Sharing to be Kenya’s leading growth driver

In Tech

Sharing could soon be the leading driver of economic growth in Kenya, thanks to continuous disruptive innovation in the service industry.

With Kenya’s digital readiness cited as the main contributor to the phenomenon that is “sharing economy”, it is expected that the economy will grow consistently stronger.

Such sectors as hospitality, transportation, property and finance, according to the latest research by Jumia Travel, have been marked as critical to the future of the country’s economy since they embrace sharing as their model to generate significantly higher revenues.

Not only that. Even the emergence of platforms that offer services such as crowdfunding, peer to peer lending, book sharing, office space sharing, cleaning and laundry services, online staffing among others, are expected to contribute significantly to the growth of the economy.

READ: How Kenya startup community is cutting costs and turbo charging the economy

And it looks like this outlook is based on solid evidence:

According to a recent report by Price WaterHouse Coopers, global revenues generated by the growing phenomenon that is shared economy or peer to peer (P2P) business is predicted to be worth 335 billion US dollars by 2025.

Need to adapt

“These numbers are an indication of the need for traditional businesses to adapt their offers to the fast changing environment,” notes the report.

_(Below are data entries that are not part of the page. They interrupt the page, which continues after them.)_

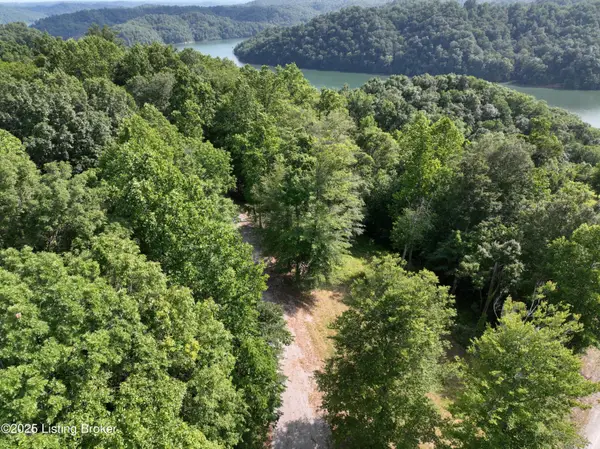 Lot 18 Chestnut Hills Rd, Burkesville, KY 42717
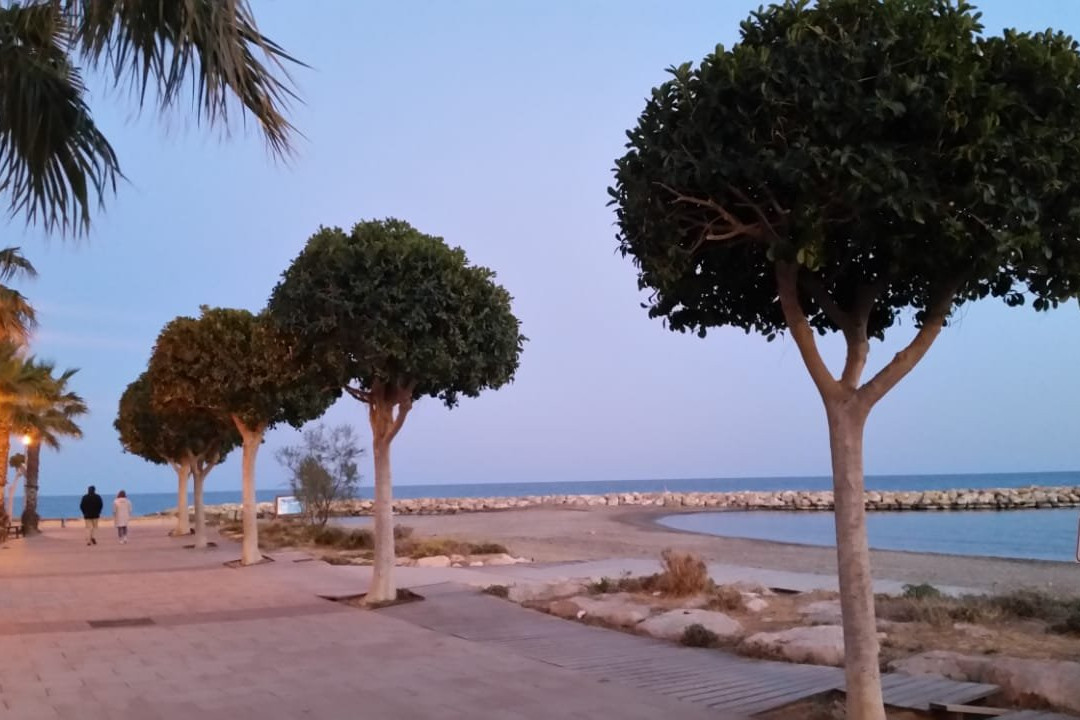 Platja de la Llosa景点图片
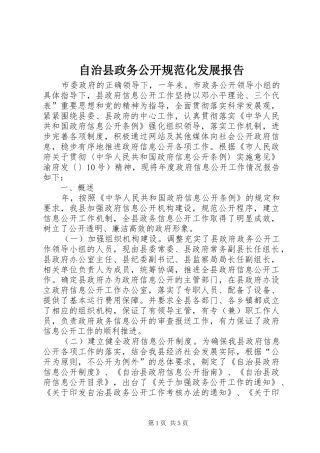 自治县政务公开规范化发展报告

But while traditional buyer-seller and “rental” sectors toy with the idea of either adapting their models to the new era, or overhauling systems to accommodate these growing megatrends, notes Jumia Travel, players in the tourism industry seem to feel the heat more.

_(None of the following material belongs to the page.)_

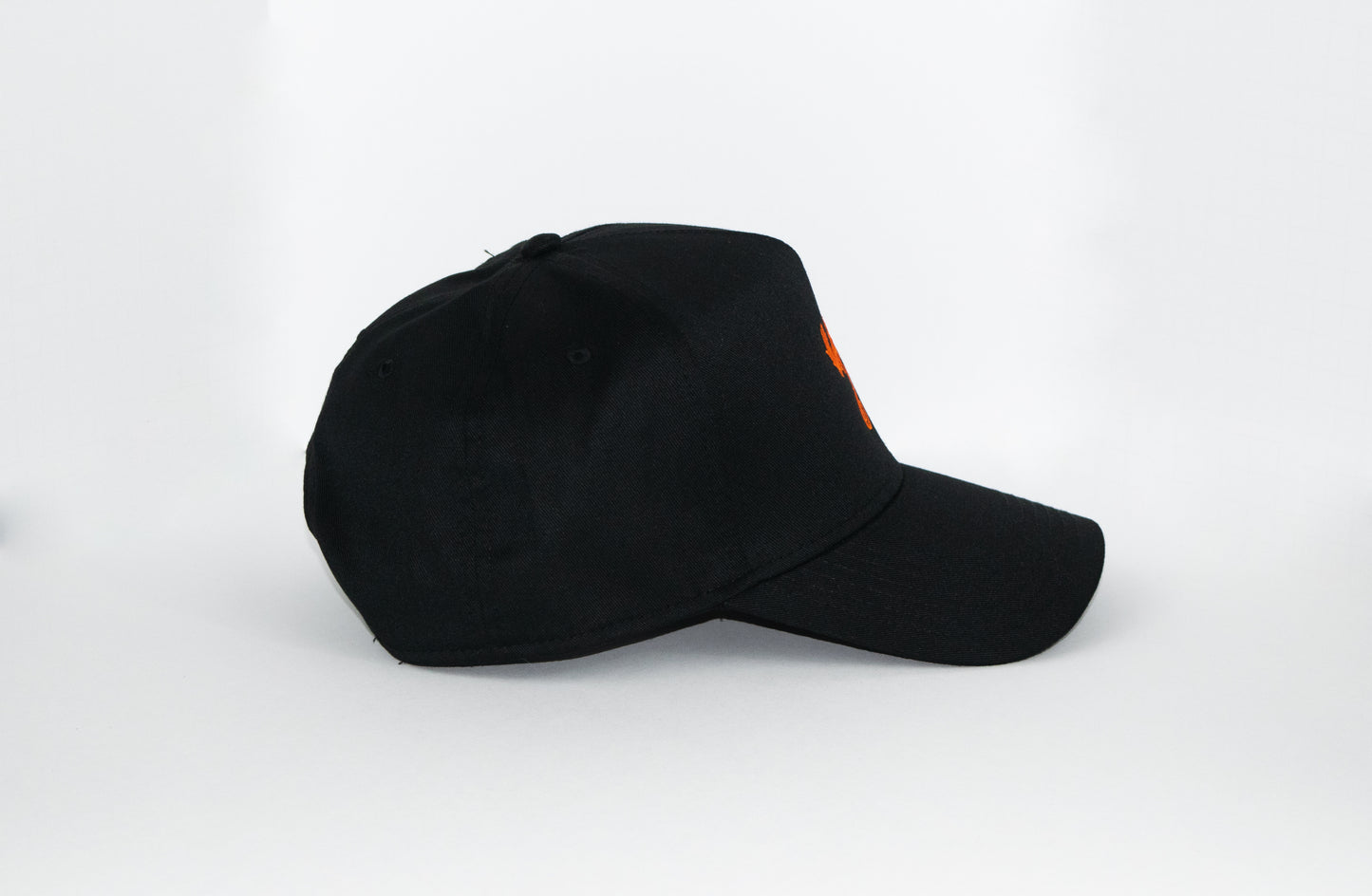 BD Phoenix Logo Cap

“The emergence of such facilities as Airbnb, couchsurfing and adaptive hostel amenities are seen as real competition to the otherwise well put together hotel chains.”

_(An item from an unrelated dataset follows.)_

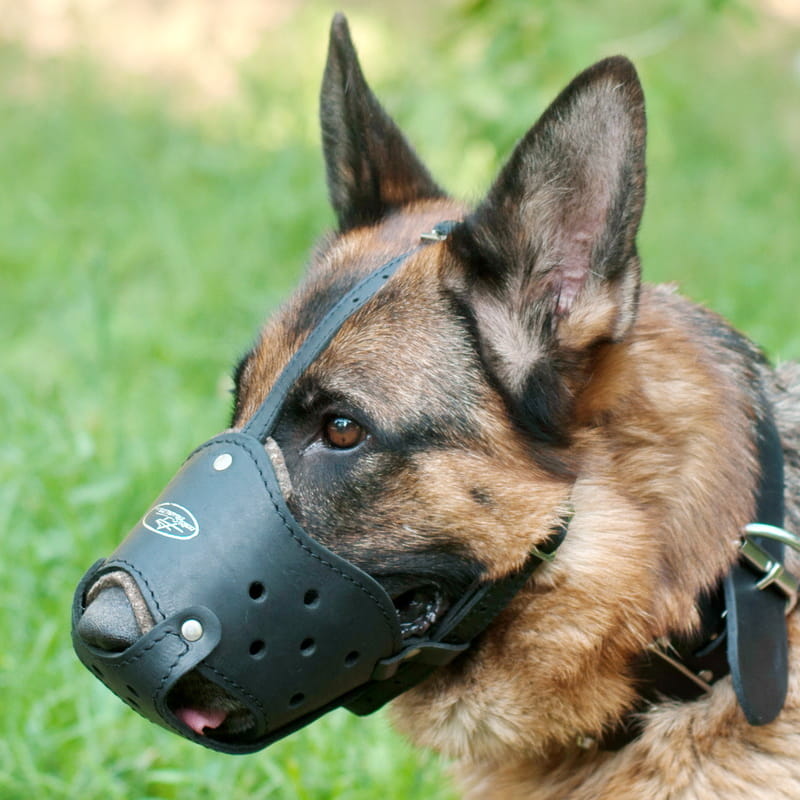 Намордник из кожи для немецкой овчарки «Trained dog»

Ms Estelle Verdier, managing director Jumia Travel also associates this dynamic growth of the sharing economy to technology and the youthful population otherwise known as Generation Y.

“Traditional business models have
largely transformed in response to technology advancement.

More than ever, people are experiencing their initial contact with the Internet through a smartphone, and connectivity has greatly improved through the last years.”


Even-so, Verdier notes that players in the tourism industry are also adapting new models to enhance not just their services but also convenience to the customers.

READ: Why customer experience is key to Kenyan startups

Yet hardly had those sentiments settled when another piece of evidence emerges on world connectivity as the base for proliferation of the sharing economy:

Incidentally, a joint Digital Evolution Index (DEI) report by MasterCard, DataCash and
The Fletcher indicates that about 40 per cent of the world’s 7.4 Billion population is on some “sort”of connection, affirming the Internet to have come of age.

“The world Wide Web now forms the core of the global economy, thus forming a solid base for proliferation of peer to peer economy”.

At the same time, DEI classified Kenya, Egypt and Nigeria as “watch out” countries together with Indonesia and Russia, as a lot of energy is expended in innovating around institutional and infrastructural constraints.

As a result, the think tanks point out, the named countries are expected to develop strong digital economies that will display a consistent upward trajectory.